They should/could provide their own optimized versions, obviously.
Well, if this was a generally needed or even useful service, that might make sense. But it is highly exotic stuff...
I really dislike introducing such custom functions when we have standard functions available that implement the same purposes.
I understand the point; this is a classical opposition of generic vs optimized.
Not really. It is more opposition against premature optimization at the cost of non-standard code.
Is there any justification that we really need hightly optimized versus generic code here? Is this used anywhere in a place where performance is critical?
Can we not stick to standard functions? Instead of htobe32() we should use htonl() which is available both in U-Boot and in the host environment.
Note that there are two problems here: endianness conversion and unaligned storage. We can indeed use htoln() instead of htobe32(), but that only affects/solved endianness issues, not alignment ones, for which there is no solution that is efficient across all ARM targets.
Correct. But the htobe32() approach was cobining this with the generic memcpy(), too, so we would do the same with htoln().
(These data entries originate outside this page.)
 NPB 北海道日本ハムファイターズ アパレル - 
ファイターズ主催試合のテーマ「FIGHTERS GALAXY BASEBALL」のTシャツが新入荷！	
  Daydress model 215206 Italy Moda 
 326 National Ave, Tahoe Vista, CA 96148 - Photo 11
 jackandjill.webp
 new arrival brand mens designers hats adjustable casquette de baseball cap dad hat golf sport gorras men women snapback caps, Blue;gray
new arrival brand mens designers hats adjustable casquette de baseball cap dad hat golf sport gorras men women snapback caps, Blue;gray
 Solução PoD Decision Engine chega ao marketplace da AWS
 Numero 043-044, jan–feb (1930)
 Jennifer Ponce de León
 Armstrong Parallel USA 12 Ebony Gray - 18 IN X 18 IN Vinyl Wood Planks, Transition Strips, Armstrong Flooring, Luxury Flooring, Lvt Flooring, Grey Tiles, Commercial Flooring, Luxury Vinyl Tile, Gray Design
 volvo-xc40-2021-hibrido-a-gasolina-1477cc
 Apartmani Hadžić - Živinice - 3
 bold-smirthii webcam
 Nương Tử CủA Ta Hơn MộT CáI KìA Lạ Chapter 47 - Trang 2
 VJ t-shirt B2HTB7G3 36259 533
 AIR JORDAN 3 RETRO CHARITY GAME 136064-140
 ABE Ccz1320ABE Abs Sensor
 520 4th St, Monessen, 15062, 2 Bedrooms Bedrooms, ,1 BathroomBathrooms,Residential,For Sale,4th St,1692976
So how about changing the element type of output in the definition of hash_func_ws, adapting the corresponding implementations sha1_csum_wd, sha256_csum_wd and crc32_wd_buf, and adapting the output argument of the sole call to hash_func_ws, that is, the local "u8 output[HASH_MAX_DIGEST_SIZE];" in hash.c? Then we'be done with alignment.
OK, but that would be a totally different approach (which appears to be a good one, here).
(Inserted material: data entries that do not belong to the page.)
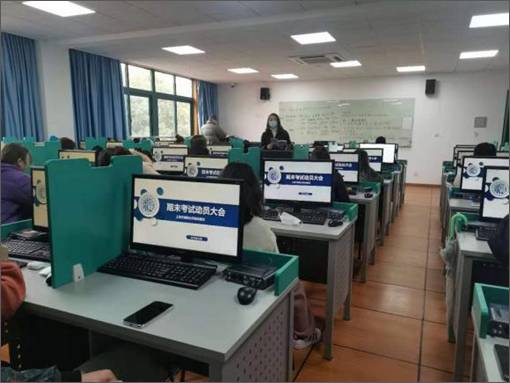 545c8608932053967ca80e90dd56434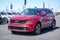 2023 Kia Sorento Hybrid SX Prestige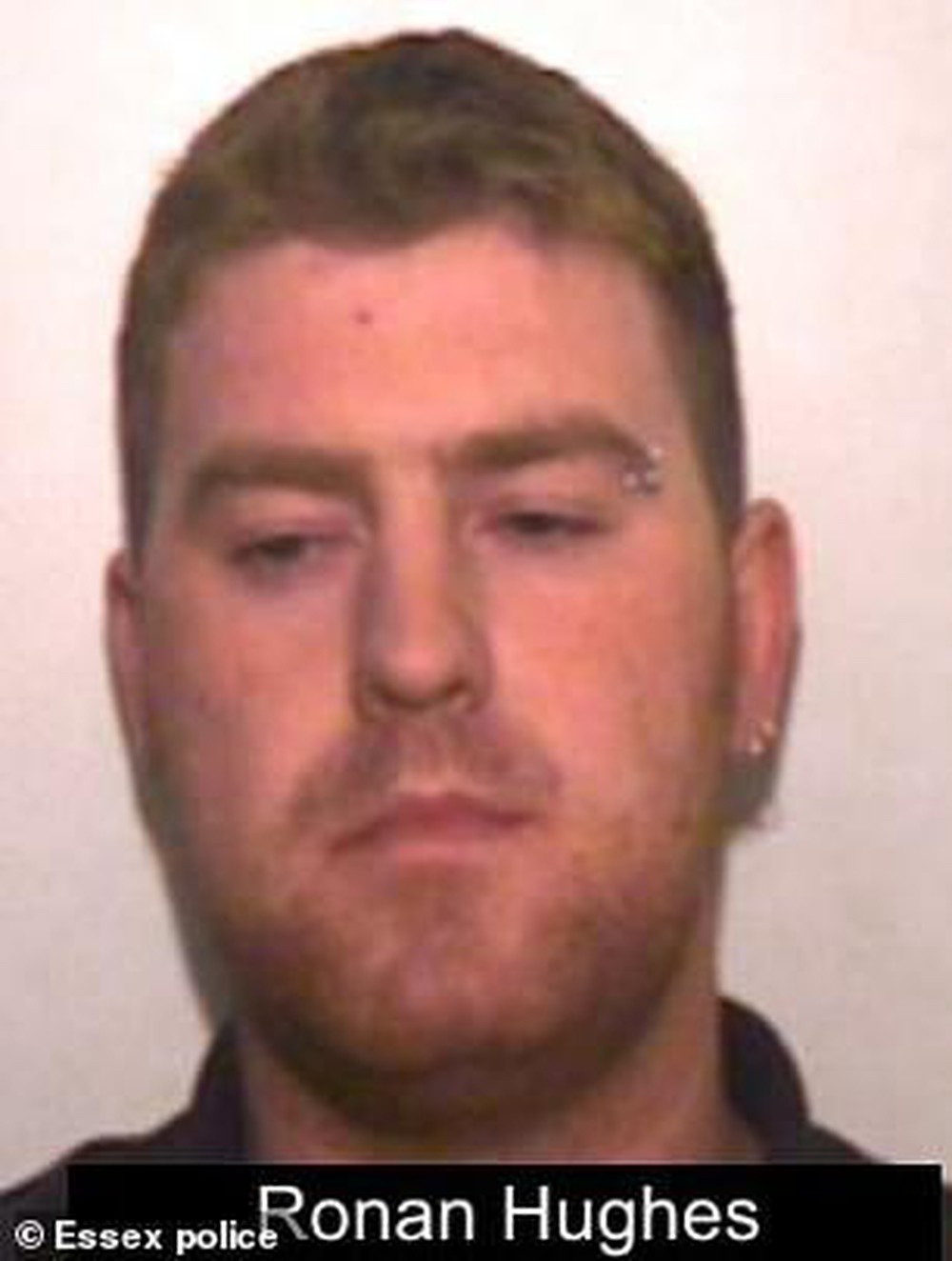 39 nguoi Viet trong container anh 1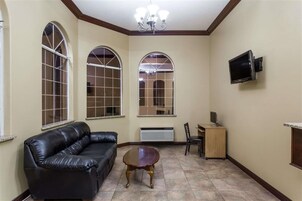 Televisión 25 pulgadas con canales de televisión vía satélite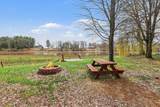 1556 James Street - Photo 25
Note finally that we *need* unaligned access macros/inline functions/whatever, if only for exceptions laid out in doc/README.arm-unaligned-accesses. If we avoid calling them too often, we can live with generic.
Agreed; the focus should always be on avoidance, though.
Best regards,
Wolfgang Denk

Hi Wolfgang,
On Thu, 18 Apr 2013 16:39:09 +0200, Wolfgang Denk wd@denx.de wrote:
So how about changing the element type of output in the definition of hash_func_ws, adapting the corresponding implementations sha1_csum_wd, sha256_csum_wd and crc32_wd_buf, and adapting the output argument of the sole call to hash_func_ws, that is, the local "u8 output[HASH_MAX_DIGEST_SIZE];" in hash.c? Then we'be done with alignment.
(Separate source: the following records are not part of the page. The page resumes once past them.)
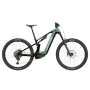Moterra 2 2026 - Matte Black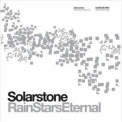 Solarstone - Rain Stars Eternal '2008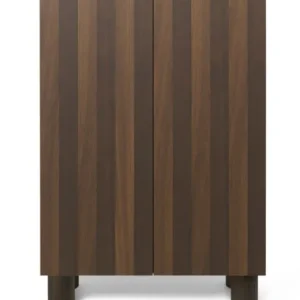 Ferm Living Post opbergkast Op = Op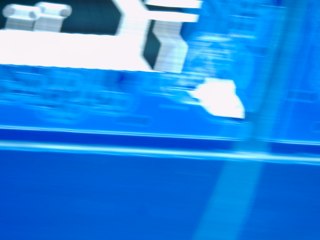 20260506160113292.tif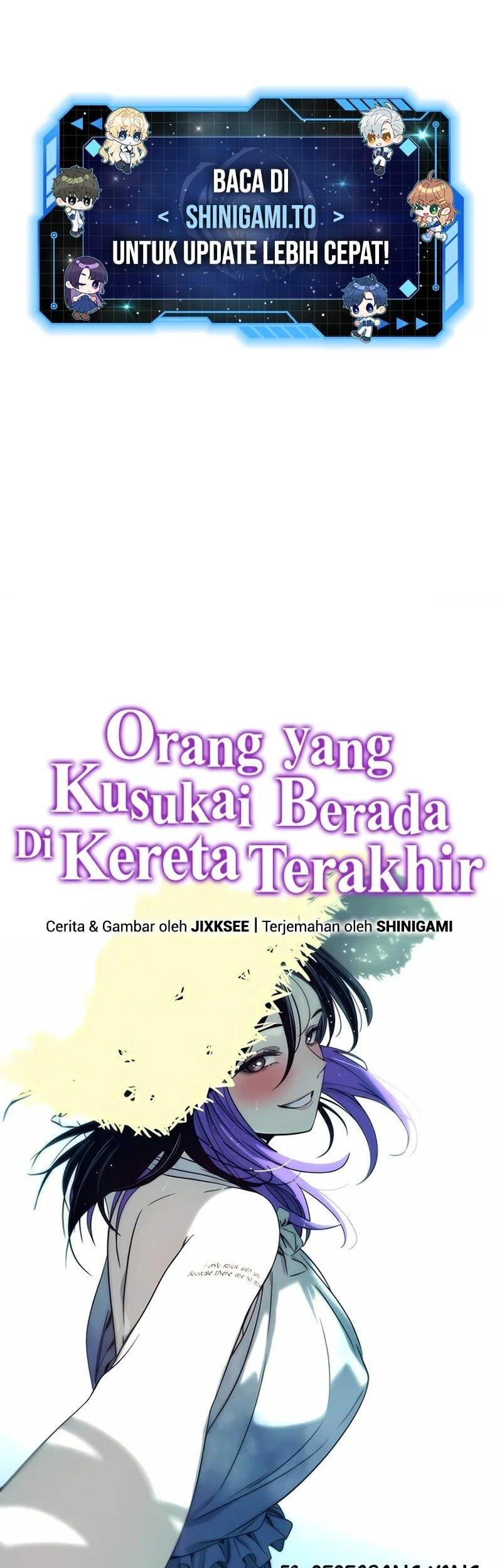 Halaman 95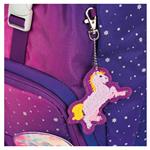 Školský batoh Airy Kone Srdce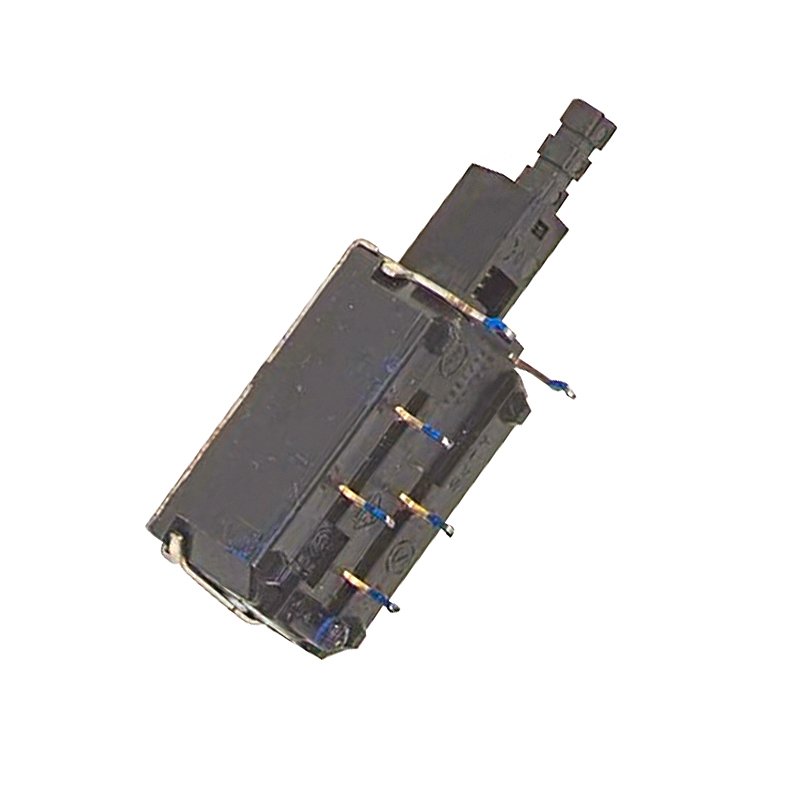X3-X4 ANAHTAR (5271)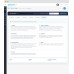 SEO Bulk Editor - массовый редактор SEO-полей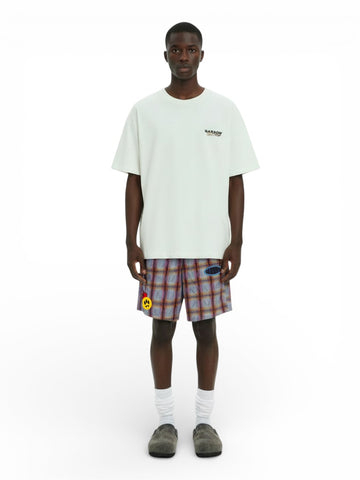 T-shirt Unisex - Bianco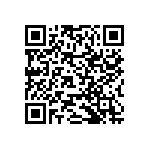 RNCF2512DKE360K QRCode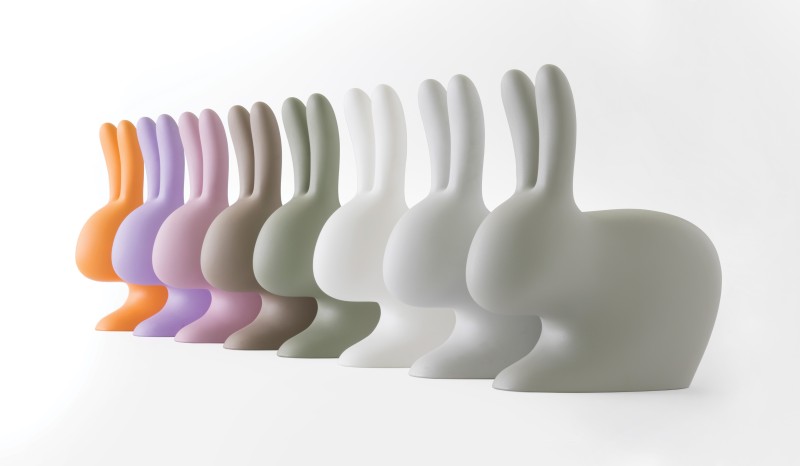 siedzisko_królik-qeeboo-rabbit-chair-by-stefano-giovannoni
OK, but that would be a totally different approach (which appears to be a good one, here).
Indeed; I would suggest splitting this change in two independent ones:
- fix the endianness issue: change the endianness of crc through the use of htonl() but leave the existing memcpy() in place as it is, even though it is not speed-optimized. That's what Simon's patch does if the HOSTCC part is ignored;
- fix the unalignment issue by changing parameter 'output' of function type 'hash_func_ws' from u8* to u32* and adjusting the rest of the code accordingly -- which would lead to replacing the crc32 final memcpy() with a single indirect assignment.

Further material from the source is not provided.